From this perspective, a historical crisis in the total reproduction of capital emerges when the difficulties of capital accumulation extend beyond the economic sphere and increasingly undermine the reproduction of the social, political, ideological, scientific and international conditions necessary for the continuation of capitalist rule. In such circumstances, the crisis no longer appears only in factories, financial markets or economic cycles. It manifests itself in states, international institutions, wars, social relations, forms of political organisation and even in the ways social consciousness is produced and reproduced.
For this reason, the crises of our time cannot be explained simply by economic downturns, governmental failures or rivalries among great powers. The war in Ukraine is not merely a military conflict between Russia and Ukraine. Developments in the Middle East are not simply a competition among regional states. The crisis of the European Union is not merely the result of disagreements among its member governments. What connects these phenomena is the gradual erosion of the mechanisms that have enabled the reproduction of the global capitalist order over recent decades.

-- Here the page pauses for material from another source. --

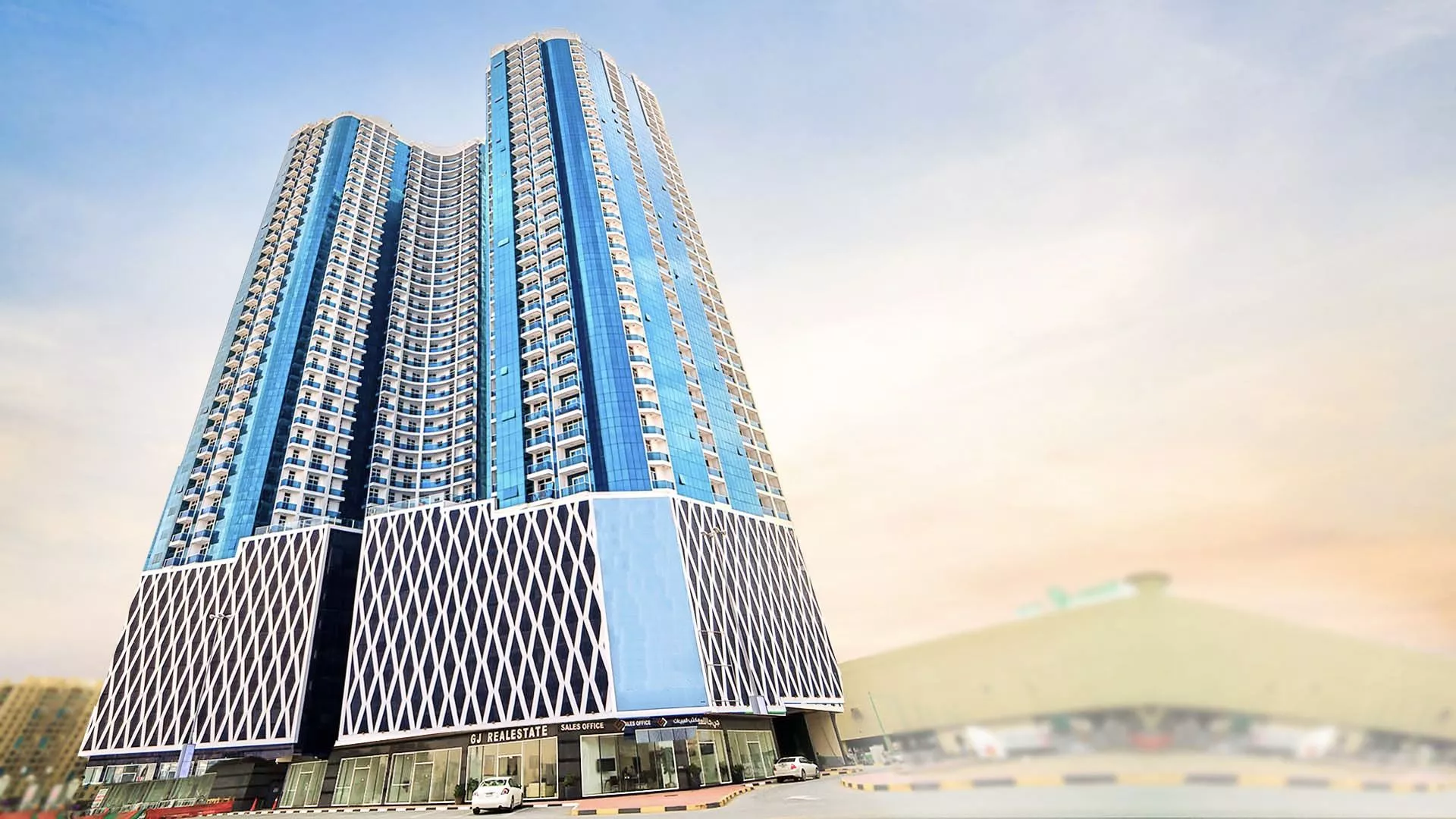 Oasis Towers 1 and 2 exterior view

Yet crisis in itself does not generate its own solution. The history of capitalism is filled with examples in which deepening crises have not led to the advance of emancipatory forces, but rather to the growth of nationalism, militarism, fundamentalism, populism and various forms of authoritarian rule. The financial crisis of 2008, the Arab Spring, the wars in Iraq and Syria, and many other developments of the last two decades demonstrate that fractures within the existing order do not automatically give rise to an independent and emancipatory perspective.
It is precisely here that the central problem of our time resides. The world is not suffering from a shortage of crises; on the contrary, crises have become more visible than ever. What is absent is not crisis, but a perspective capable of opening a path toward the future from within these crises. On the one hand, the old order is eroding and many of its political, economic and ideological forms are losing their former strength. On the other hand, new forces and alternatives have not yet succeeded in establishing themselves as a durable and universal horizon. This gap between the erosion of the old order and the inability of new horizons to emerge is one of the defining features of our age.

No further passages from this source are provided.